### DESCRIPTION OF THE TASK:
Every entry should be returned unchanged, with the pictures omitted.

-------- DATA FOR THIS EXERCISE --------

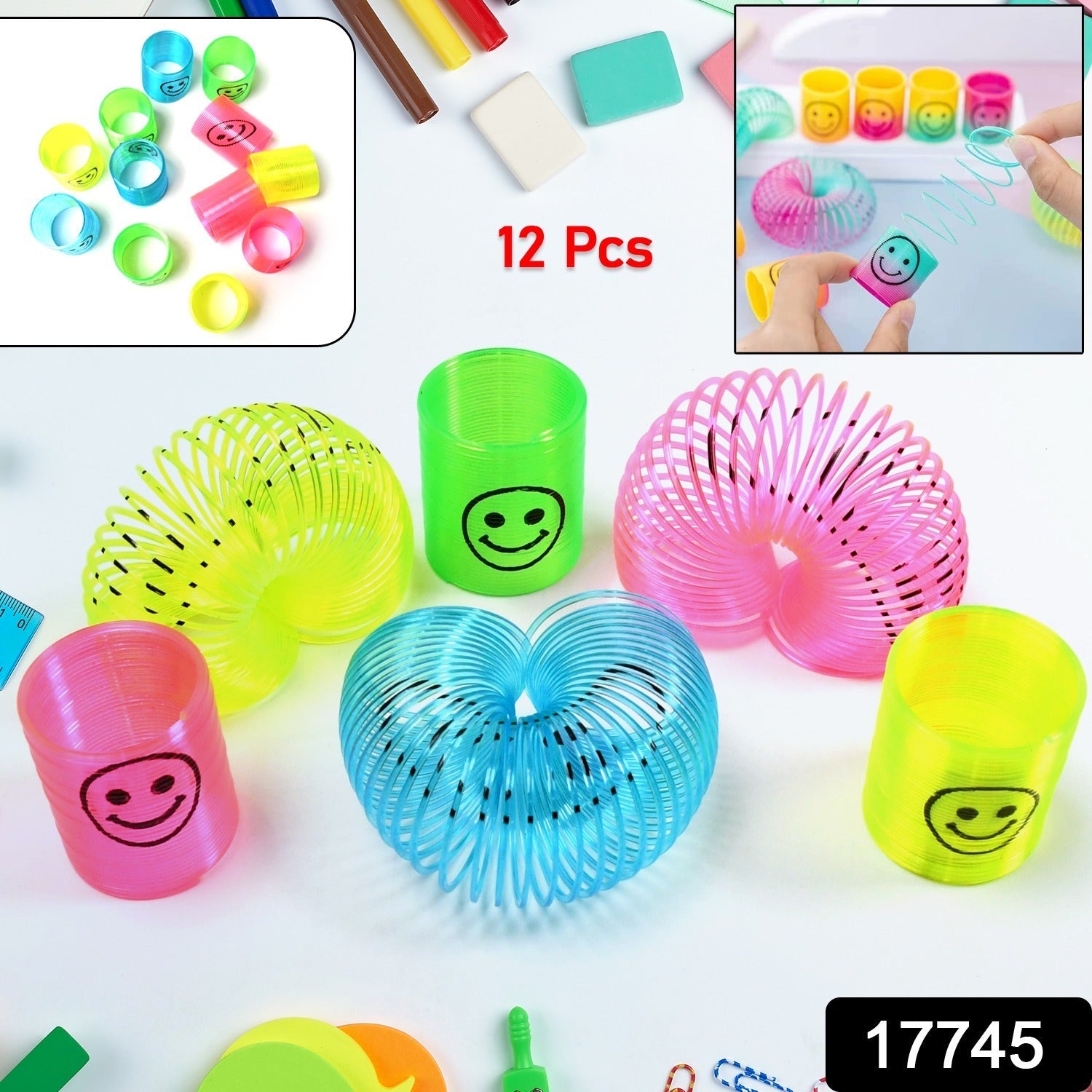 Multicolor Magic Smiley Spring, Spring Toys, Slinky, Slinky Spring Toy, Toy for Kids for Birthdays, Compact and Portable Easy to Carry (12 Pcs Set) Multicolor Magic Smiley Spring, Spring Toys, Slinky, Slinky Spring Toy, Toy for Kids for Birthdays, Compact and Portable Easy to Carry (12 Pcs Set)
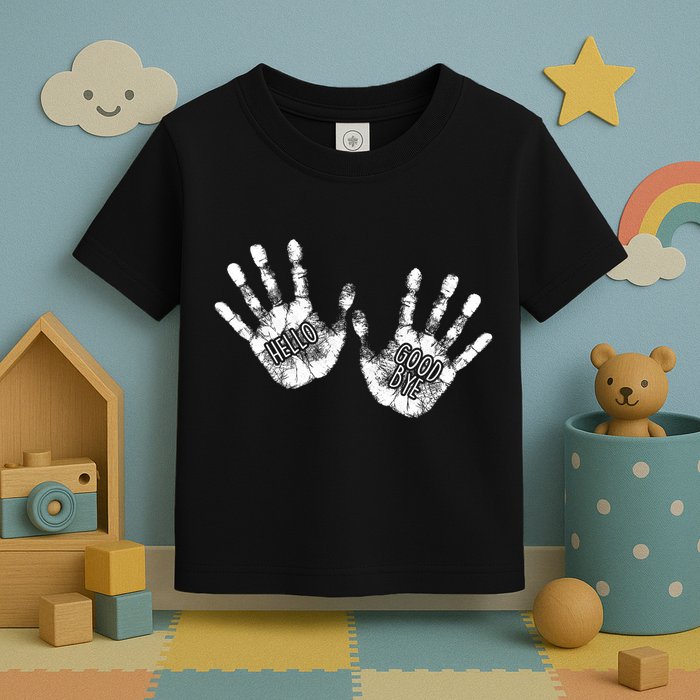 Hello Good Bye Paint Hand Prints Toddler T-Shirt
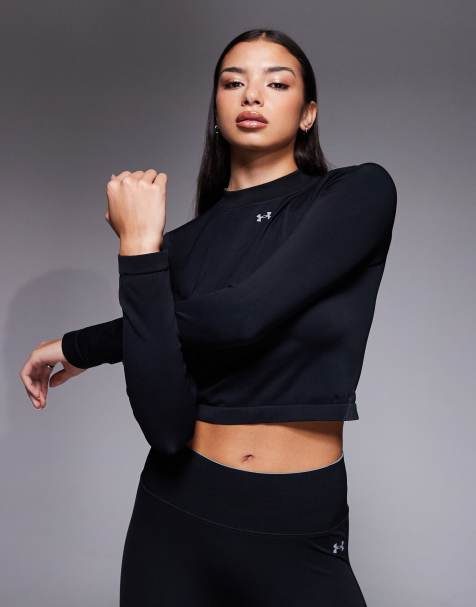 Under Armour - Vanish - Crop top a maniche lunghe senza cuciture nero - view 1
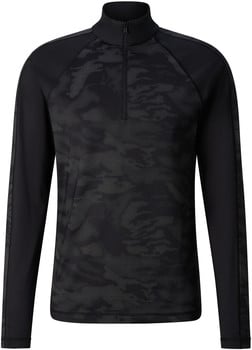 Schwarzes Herren-Langarmshirt mit halbem Reißverschluss und dezentem Muster.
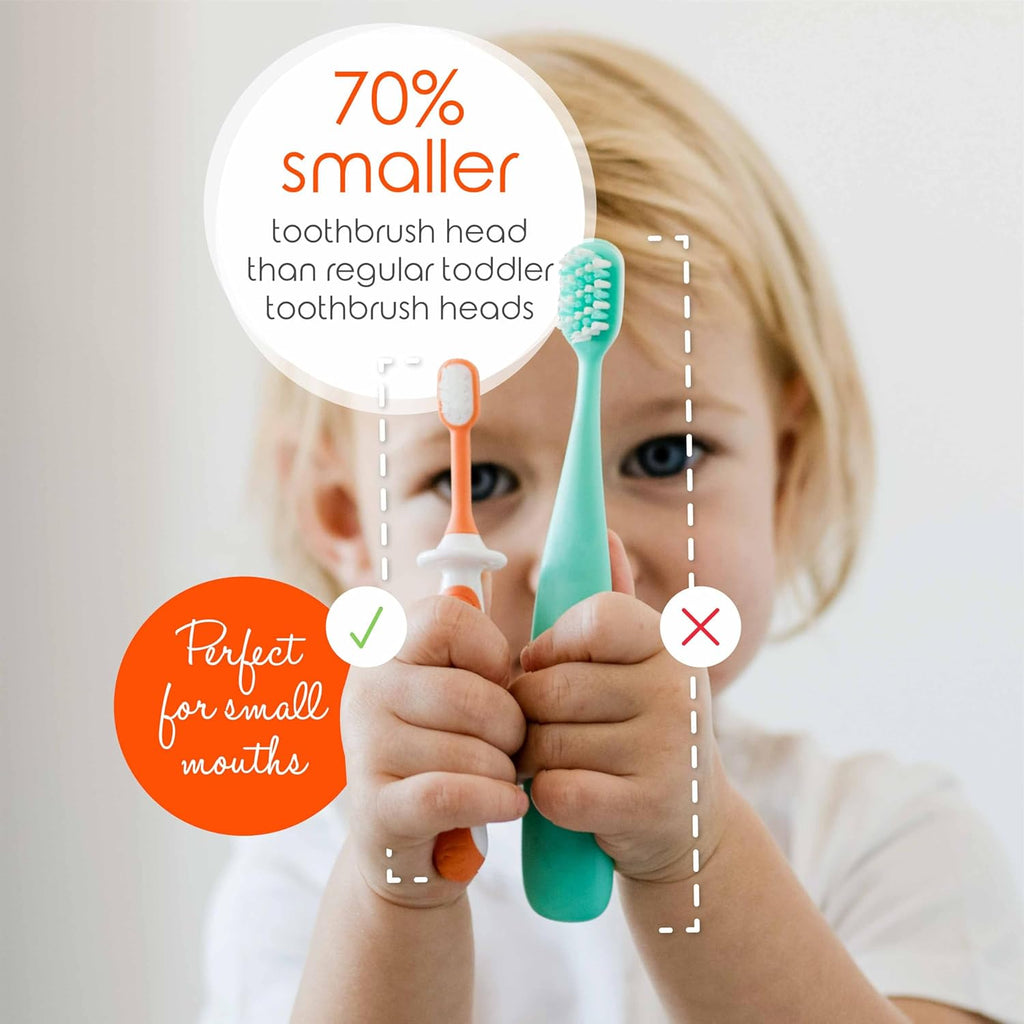 Cherish Baby Care Toddler Toothbrushes 1-2 Years (4-Pack) - BPA-Free & Safety-Tested Kids Toothbrush Kit, Designed by a Pediatric Dentist, Soft-Grip Toothbrush for Kids, My First Toothbrush Set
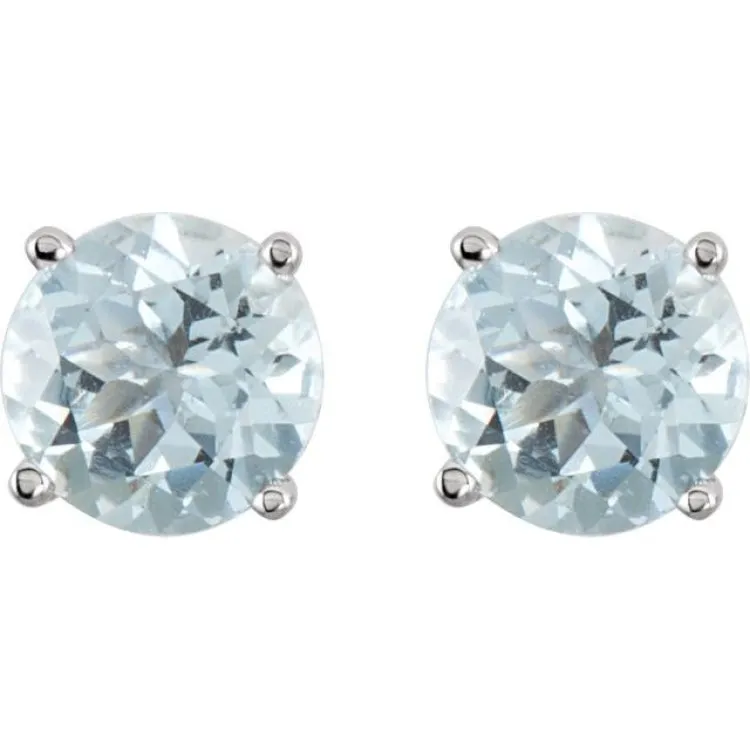 14K White 6 mm Natural Aquamarine Stud Earrings with Friction Post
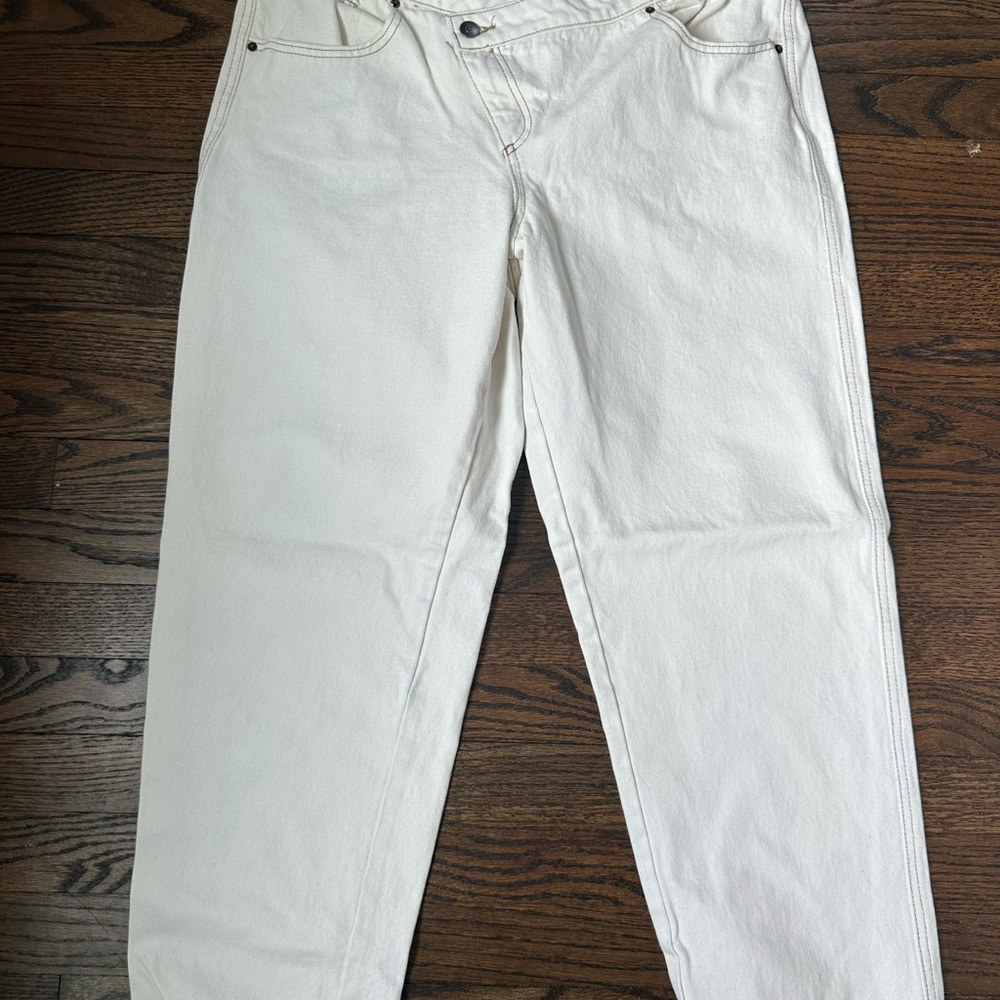 Women's Cream Boyfriend Jeans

--------

### SOLVED EXERCISE:
 Multicolor Magic Smiley Spring, Spring Toys, Slinky, Slinky Spring Toy, Toy for Kids for Birthdays, Compact and Portable Easy to Carry (12 Pcs Set) Multicolor Magic Smiley Spring, Spring Toys, Slinky, Slinky Spring Toy, Toy for Kids for Birthdays, Compact and Portable Easy to Carry (12 Pcs Set)
 Hello Good Bye Paint Hand Prints Toddler T-Shirt
 Under Armour - Vanish - Crop top a maniche lunghe senza cuciture nero - view 1
 Schwarzes Herren-Langarmshirt mit halbem Reißverschluss und dezentem Muster.
 Cherish Baby Care Toddler Toothbrushes 1-2 Years (4-Pack) - BPA-Free & Safety-Tested Kids Toothbrush Kit, Designed by a Pediatric Dentist, Soft-Grip Toothbrush for Kids, My First Toothbrush Set
 14K White 6 mm Natural Aquamarine Stud Earrings with Friction Post
 Women's Cream Boyfriend Jeans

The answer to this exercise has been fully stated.